Да, вспомнил еще — по всем городам присутствуют разной степени обустроенности и чистоты общественные туалеты. Это очень важно было упомянуть, не забыть. Вы отлично понимаете причины моей пунктуальности в данном деле. И я вспомнил, не забыл и упомянул, пусть и с некоторой задержкой. Вообще, этот вопрос, вернее, проблема связана для меня с одним необычайным и все время повторяющимся впечатляющим ночным видением, которое я все же здесь приводить не буду, так как оно может произвести неприятное впечатление, будучи соположенным с такой если и не возвышенной, то благостной картиной дзэн-буддийского храмового быта. Может быть, расскажу позднее, если случай придется.
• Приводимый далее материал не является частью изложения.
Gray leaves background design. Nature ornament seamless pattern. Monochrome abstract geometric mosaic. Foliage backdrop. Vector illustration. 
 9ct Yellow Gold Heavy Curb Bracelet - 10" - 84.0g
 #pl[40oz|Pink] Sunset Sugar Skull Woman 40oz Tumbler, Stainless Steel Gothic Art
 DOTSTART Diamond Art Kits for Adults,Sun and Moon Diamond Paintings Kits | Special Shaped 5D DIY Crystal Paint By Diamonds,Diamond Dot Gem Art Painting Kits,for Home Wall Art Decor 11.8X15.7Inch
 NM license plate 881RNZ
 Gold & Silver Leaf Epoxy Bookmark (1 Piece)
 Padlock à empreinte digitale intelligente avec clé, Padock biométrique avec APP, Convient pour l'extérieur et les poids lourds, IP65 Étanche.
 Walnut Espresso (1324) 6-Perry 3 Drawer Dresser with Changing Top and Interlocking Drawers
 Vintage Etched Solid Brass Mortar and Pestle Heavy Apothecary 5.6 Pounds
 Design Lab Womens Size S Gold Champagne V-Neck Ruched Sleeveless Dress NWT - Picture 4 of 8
Временами во время разговора мастер настолько широко улыбался, что пропадал. Да, да, пропадал. Тогда я сидел спокойно, ожидая его возвращения и не обращая внимания на остальных, которые тоже уже ни на что внимания не обращали. Мастер возвращался, поднимал чашечку саке, говорил:
Кампай! —
Ваше здоровье! — подхватывал я.
На здоровье! — встревал славист, употребляя столь ненавистное мне словосочетание, занесенное во все страны мира, видимо, поляками и безответственно воспринятое всеми славистами мира как аутентичное российское приветствие во время поднятия стаканов с любым качеством и составом алкоголя. Везде, где ни приходится мне сталкиваться с подобным, я объявляю решительную войну неведомо как закравшейся лингвистической ошибке. Почти неодолимость инерции и лености обманутых не ослабляет энергии и пунктуальности моих воспитательных усилий.
Не на здоровье, а ваше здоровье. —
А мне говорили, что на здоровье! —
И неправильно. На здоровье говорят за едой, в смысле, ешьте на здоровье. А когда выпивают, то — ваше здоровье, в смысле, пьем за ваше здоровье. — Ну, ваше здоровье! — соглашался незлобивый славист.
Мы, медленно потягивая, выпивали. Тогда и я вдруг пропадал, то есть обнаруживал на том месте, где я должен был бы присутствовать, пустоту. Я оглядывался в поисках себя, но обнаружить не мог. Потом переставал и оглядываться, так как терял себя полностью.